● Task instructions
The records that follow are to be transcribed exactly.

● Records from a data source
[Start of Attachment]

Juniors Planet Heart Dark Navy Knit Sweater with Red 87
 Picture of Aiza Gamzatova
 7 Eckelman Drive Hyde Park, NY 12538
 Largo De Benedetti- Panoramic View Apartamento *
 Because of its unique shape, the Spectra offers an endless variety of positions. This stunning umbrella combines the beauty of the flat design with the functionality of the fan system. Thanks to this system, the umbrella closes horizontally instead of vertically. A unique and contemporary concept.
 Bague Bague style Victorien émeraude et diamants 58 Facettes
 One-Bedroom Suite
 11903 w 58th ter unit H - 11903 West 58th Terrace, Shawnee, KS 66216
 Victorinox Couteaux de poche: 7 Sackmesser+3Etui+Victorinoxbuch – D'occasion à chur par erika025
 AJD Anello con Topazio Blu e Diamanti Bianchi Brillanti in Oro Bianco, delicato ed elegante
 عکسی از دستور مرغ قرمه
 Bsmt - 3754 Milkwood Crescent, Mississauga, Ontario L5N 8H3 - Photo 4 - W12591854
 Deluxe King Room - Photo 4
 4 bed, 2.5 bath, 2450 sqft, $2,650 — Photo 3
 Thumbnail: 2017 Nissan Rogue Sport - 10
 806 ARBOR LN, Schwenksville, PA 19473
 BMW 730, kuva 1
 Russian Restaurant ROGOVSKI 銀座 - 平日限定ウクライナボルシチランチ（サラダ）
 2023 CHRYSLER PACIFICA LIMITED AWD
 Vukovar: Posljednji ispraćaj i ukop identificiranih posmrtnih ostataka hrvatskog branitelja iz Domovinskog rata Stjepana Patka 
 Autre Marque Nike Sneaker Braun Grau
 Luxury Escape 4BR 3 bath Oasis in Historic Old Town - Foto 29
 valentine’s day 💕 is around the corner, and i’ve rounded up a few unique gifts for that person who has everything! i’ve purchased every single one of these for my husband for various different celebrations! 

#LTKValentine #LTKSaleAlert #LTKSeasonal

[End of Attachment]

● Response area
Juniors Planet Heart Dark Navy Knit Sweater with Red 87
 Picture of Aiza Gamzatova
 7 Eckelman Drive Hyde Park, NY 12538
 Largo De Benedetti- Panoramic View Apartamento *
 Because of its unique shape, the Spectra offers an endless variety of positions. This stunning umbrella combines the beauty of the flat design with the functionality of the fan system. Thanks to this system, the umbrella closes horizontally instead of vertically. A unique and contemporary concept.
 Bague Bague style Victorien émeraude et diamants 58 Facettes
 One-Bedroom Suite
 11903 w 58th ter unit H - 11903 West 58th Terrace, Shawnee, KS 66216
 Victorinox Couteaux de poche: 7 Sackmesser+3Etui+Victorinoxbuch – D'occasion à chur par erika025
 AJD Anello con Topazio Blu e Diamanti Bianchi Brillanti in Oro Bianco, delicato ed elegante
 عکسی از دستور مرغ قرمه
 Bsmt - 3754 Milkwood Crescent, Mississauga, Ontario L5N 8H3 - Photo 4 - W12591854
 Deluxe King Room - Photo 4
 4 bed, 2.5 bath, 2450 sqft, $2,650 — Photo 3
 Thumbnail: 2017 Nissan Rogue Sport - 10
 806 ARBOR LN, Schwenksville, PA 19473
 BMW 730, kuva 1
 Russian Restaurant ROGOVSKI 銀座 - 平日限定ウクライナボルシチランチ（サラダ）
 2023 CHRYSLER PACIFICA LIMITED AWD
 Vukovar: Posljednji ispraćaj i ukop identificiranih posmrtnih ostataka hrvatskog branitelja iz Domovinskog rata Stjepana Patka 
 Autre Marque Nike Sneaker Braun Grau
 Luxury Escape 4BR 3 bath Oasis in Historic Old Town - Foto 29
 valentine’s day 💕 is around the corner, and i’ve rounded up a few unique gifts for that person who has everything! i’ve purchased every single one of these for my husband for various different celebrations! 

#LTKValentine #LTKSaleAlert #LTKSeasonal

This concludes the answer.